The United States has deployed two aircraft carriers in a display of strength. A third carrier is lurking nearby.
The USS Nimitz and USS Ronald Reagan are showing off their combat technology, skills and capabilities inside the South China Sea. The USS Theodore Roosevelt is also in the Western Pacific.
Nearby, among the Paracel Islands jointly claimed by Beijing and Hanoi, Chinese warships are busily conducting live-fire missile practice.
A US Navy statement said the aircraft carriers were there to “support a free and open Indo-Pacific”. But the implicit threat is obvious.
“The purpose is to show an unambiguous signal to our partners and allies that we are committed to regional security and stability,” Rear Admiral George Wikoff told the Wall Street Journal.
The US aircraft carriers, operating with at least four other warships, are demonstrating their capacity to sustain a high-level of operations “around the clock”.
“High-end integrated exercises build unmatched flexibility, endurance, manoeuvrability and firepower in an all-domain warfighting environment,” a spokesman for the USS Reagan Carrier Strike Group declared. These efforts support enduring US commitments to stand up for the right of all nations to fly, sail, and operate wherever international law allows.”
Aircraft from Carrier Air Wing 5 and Carrier Air Wing 17 fly in formation over the Nimitz Carrier Strike Force in the South China Sea on July 6. Picture: US Navy/Mass Communication Specialist 3rd Class Keenan Daniels
Aircraft from Carrier Air Wing 5 and Carrier Air Wing 17 fly in formation over the Nimitz Carrier Strike Force in the South China Sea on July 6. Picture: US Navy/Mass Communication Specialist 3rd Class Keenan DanielsSource:Supplied
Beijing issued its response through the Global Times.

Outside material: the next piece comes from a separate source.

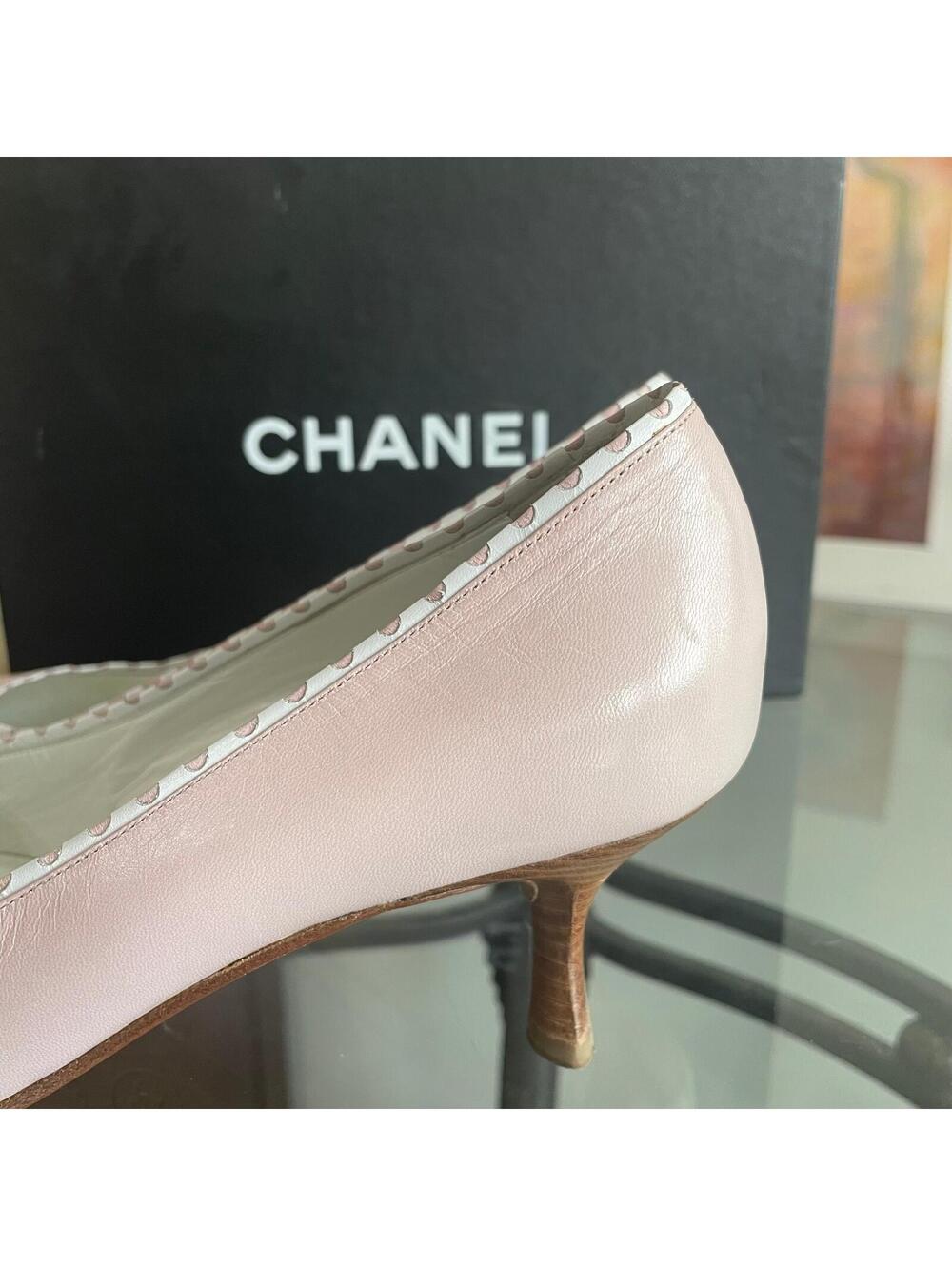 Chanel 2004 Pink Point Toe Pumps | Size 40/9.5 - Picture 5 of 7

“China has wide selection of anti-aircraft carrier weapons at South China Sea,” it declared. “The South China Sea is fully within the grasp of the Chinese People’s Liberation Army (PLA), and any US aircraft carrier movement in the region is solely at the pleasure of the PLA, which has a wide selection of anti-aircraft carrier weapons like the DF-21D and DF-26 ‘aircraft carrier killer’ missiles.”
UNBRIDLED ANGER
On Thursday last week, the US Defence Department declared the Chinese exercises around the Paracel Islands to be “the latest in a long string of PRC actions to assert unlawful maritime claims and disadvantage its Southeast Asian neighbours in the South China Sea”.
Washington has been increasingly outspoken about Beijing’s territorial assertiveness in the region, highlighting the illegality of its man-made islands and the military nature of their airfields, hangars, missiles and radars.
A photograph taken from the International Space Station appears to show China building on the reef in the Paracel Islands. Picture: NASA
A photograph taken from the International Space Station appears to show China building on the reef in the Paracel Islands. Picture: NASASource:Supplied
Nations including Japan, Vietnam, the Philippines and Australia have expressed concern that combat aircraft and ships could quickly be deployed to these facilities in order to obstruct the $5 trillion in annual global trade that flows through its arterial shipping and air routes.
Beijing, however, is attempting to deflect the message.
The military exercise was a “flexing of muscles by some non-regional country that lies tens of thousands of miles away,” the Global Times quotes Chinese Foreign Ministry spokesman Zhao Lijian as saying.
But, in a separate editorial, CCP appointed deputy director at the Shanghai Academy’s Institute of Social Sciences Li Kaisheng concedes the show of strength may ‘embolden’ Vietnam to assert its UN-backed territorial rights.
“US navigation in the region may boost Vietnam’s confidence to adhere to its claims in the South China Sea,” he writes. “Additionally, the US maintaining its military presence and deployment can be seen as supporting other claimants’ illegal (in Chinese courts only) claims over the South China Sea, which will negatively affect China’s sovereignty security.”
It ends with another threat to entrench Beijing’s UN-rejected territorial claims: “But when the US violates China’s sovereignty, territory or maritime interests (such as sailing within 12 nautical miles (22km) of Chinese territories), China must make tough and firm responses.”